Before samplers: music made with razor blades and scotch tape - mambodog
http://www.youtube.com/watch?v=rXEBDCX_O6M

======
chipsy
The same year this mix was made, Ultimate Soundtracker was released:
<http://www.youtube.com/watch?v=5ywaCR5Tg4A>

Commercial sampling keyboards were available for the big budget productions
around the late 70s(the big breakthrough being the polyphonic Fairlight CMI in
'79), but memory prices dropped low enough to make mass-market products like
the Casio SK-1 available by the mid-80s. So my impression(not having been
around for that era) is that extensive tape mixes like the one in the video
were primarily inspired by digital samplers; since at that time, samplers
couldn't hold entire songs, tape splicing technique improved to allow the same
concept to be used in a longer format.
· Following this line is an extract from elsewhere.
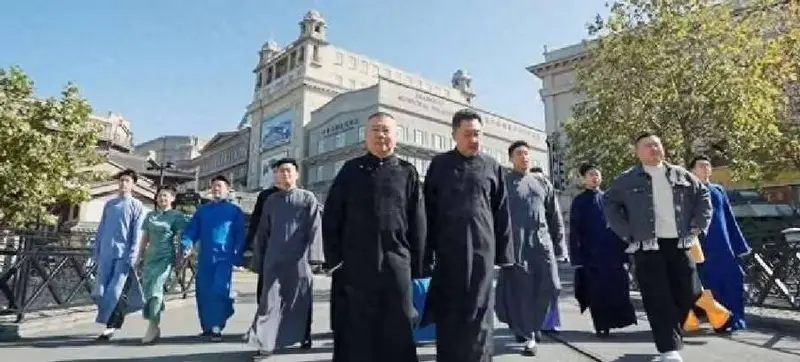 《德云斗笑社》现场,郭德纲揭晓德云社继承人!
The move to computer-centric editing
came with multitrack editing of entire songs(e.g. Pro Tools) which happened
during the 1990s.

------
mambodog
This video gives you some idea of how this could be done:
<http://www.youtube.com/watch?v=3Z7jwZK2-Gw> however most people doing this
kind of analog audio editing with tape actually had to cut the tape by hand,
and all had to make careful calculations to keep the edits in musical time.